How is smoked bacon wrapped pickle traditionally served in Southern gatherings?

A

They are typically presented on a platter with a creamy dip such as ranch or blue‑cheese dressing, accompanied by cold beers. The bite‑size pieces are meant to be eaten in one or two bites, making them perfect for cocktail hours and tailgate parties.

cultural
Q

During which occasions are bacon wrapped pickles most commonly enjoyed in American culture?

A

They are popular at backyard barbecues, football tailgates, Super Bowl parties, and casual get‑togethers where finger foods are needed. Their smoky flavor also makes them a favorite at BBQ competitions and festivals.

cultural
Q

What authentic ingredients are essential for traditional smoked bacon wrapped pickles versus acceptable substitutes?

A

Authentic recipes call for thick‑cut pork bacon, dill pickles (often cornichons), and a simple BBQ rub. Substitutes can include turkey bacon for a leaner option, mini cucumber spears instead of pickles, or a pre‑made seasoning blend if a custom rub isn’t available.

cultural
Q

What other American BBQ dishes pair well with smoked bacon wrapped pickles?

A

They complement smoked ribs, pulled pork sandwiches, brisket, and classic sides like coleslaw, baked beans, and cornbread. The salty, tangy bite balances richer meats and adds contrast to sweet BBQ sauces.

cultural
Q

What are the most common mistakes to avoid when making smoked bacon wrapped pickles?

A

Common errors include not drying the pickles, which leads to soggy bacon; wrapping the bacon too loosely so it slides off; and smoking at too low a temperature, resulting in limp bacon.
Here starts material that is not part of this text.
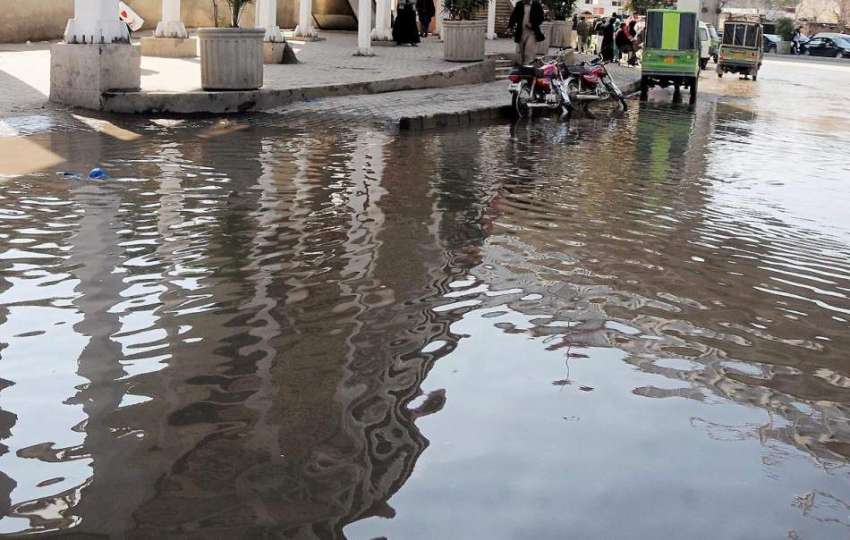 راولپنڈی: مریڑ چوک میں بارش کے جمع پانی سے گزرنے والوں کو ..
Keep the smoker steady at 350°F and secure each wrap with a toothpick.

technical
Q

Why does this recipe use indirect smoking with cherry wood instead of direct grilling?

A

Indirect smoking provides gentle, even heat that cooks the bacon through without burning the delicate pickle inside. Cherry wood adds a mild, slightly sweet smoke that enhances the bacon without overpowering the pickle’s brine flavor.

technical
Q

Can I make smoked bacon wrapped pickles ahead of time and how should I store them?

A

Yes, you can wrap the pickles and refrigerate them up to 12 hours before smoking. After smoking, store any leftovers in an airtight container in the refrigerator for up to 2 days; reheat briefly in a hot oven if you want the bacon crisp again.

technical
Q

What texture and appearance should I look for when the smoked bacon wrapped pickles are done?

A

The bacon should be golden‑brown, slightly curled, and crisp to the touch while the pickle inside remains firm and bright green. If the bacon looks pale or soft, it needs a few more minutes of smoke.

technical
Q

What does the YouTube channel Burnt Pellet BBQ specialize in?

A

The YouTube channel Burnt Pellet BBQ focuses on pellet‑smoker techniques, wood‑infused recipes, and practical tips for backyard barbecue enthusiasts, covering everything from meats to creative side dishes and appetizers.

channel
Q

How does the YouTube channel Burnt Pellet BBQ's approach to American BBQ cooking differ from other BBQ channels?

A

Burnt Pellet BBQ emphasizes the science of pellet‑smoking, precise temperature control, and using a variety of wood flavors. Unlike many channels that rely on charcoal or gas, Burnt Pellet BBQ showcases the versatility of pellet smokers for both traditional and experimental dishes.